Köy yerinde küçük yaştan itibaren her çağda çocukların kurban kesimini izlemeleri belki ilk bıçak vurulurken yasaklansa da derisini yüzme ve etlerini parçalayıp pay etme safhalarının her biri çocukların gözü önünde cereyan etmektedir. Ki bu sahneler özellikle seyrettirilir ki çocuk “ödlek”, “korkak” ve “çekingen” olmasın, “atılgan”, “girişken” ve “cesur” olsun. Tabiî ki her çocuğun psikolojisi özellikle bu iletişim çağında aynı olmamaktadır. 3-4 yaşlarındaki oğlum ile yine aynı yaşlardaki dayısının kızları, kar yağışlı bir kış gününde kurban kesişimizi köy evinin camından birlikte seyrettiklerinden sonra 3 yıl boyunca etyemez olmuş hatta pişmiş et kokusundan bile rahatsız olmuşken bize de kızlara maşallah çekmek düşmüştü.

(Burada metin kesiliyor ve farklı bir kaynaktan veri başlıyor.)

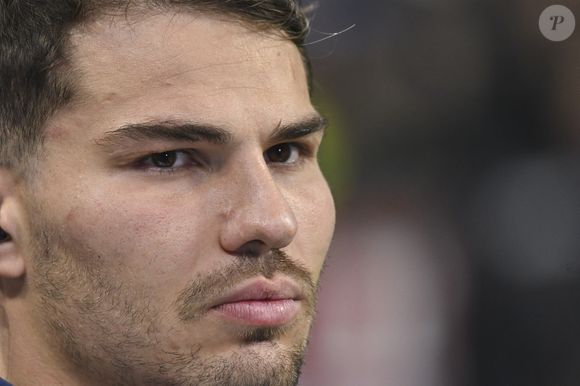 Les spécialistes vont créer des tunnels osseux pour ancrer le greffon, en le plaçant sous tension afin qu’il remplace le ligament déchiré

Antoine Dupont (France) - Match test de rugby "France - Nouvelle-Zelande" à Paris, le 16 novembre 2024. Agence / Bestimage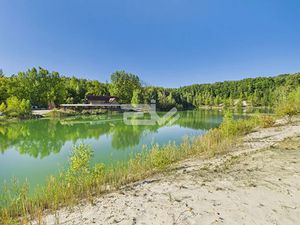 Vente propriété 48 pièces 1050 m² à Soissons (02200)  3 657 500 €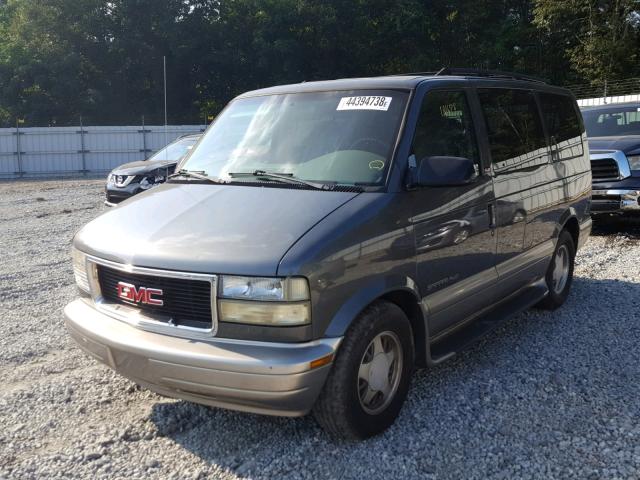 1GKEL19XX2B513304 - 2002 GMC SAFARI XT GRAY photo 2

Bu Kurban günlerinde üzülenlerin en cicisi hiç şüphesiz bu sâbiler olmaktadır. Kesilen hayvanlara üzüldükleri gibi bir de “pay” toplamak üzere yola koyulup da pay alamayıp üzülen çocukların durumu da beni çok üzerdi. Kurban kesilip pay edilmiş ve dağıtılmıştır. Kesim yerine geç ulaşan bu çocukların giderlerken boyunları hep bükük, gözleri arkada kalır. Bu hüznü fark eden kurban sahibi onları çağırır elindekinden pay vererek onları bayrama yolcu ederlerdi.
Kurbana Hüznün Bayramı dedik. Kurban niçin hüzündür? Çünkü hüznü içinde barındırır. Eşimizle dostumuzla neşe ve sevinç içinde nice Bayramlar yaşadık bunu inkâr etmek mümkün değil elbette. Bununla birlikte eski bayramları birlikte kutladığımız kaç kişi bugün aramızda. Ahrete intikal edenlerimiz dışında kopan aile bağları ya da tütmeyen ocaklar yüzünden çalınmayan kapılar. Bayramların genel manzarası inceden inceye bakıldığında zaten hep böyledir ama kurban bayramına has hüzünlerle birleşince insanın şöyle bir arkasına yaslanası, gözlerini kapatıp “kimler geldi kimler geçti bu dünyadan” diyesi geliyor. Nice canlar verdik değil mi?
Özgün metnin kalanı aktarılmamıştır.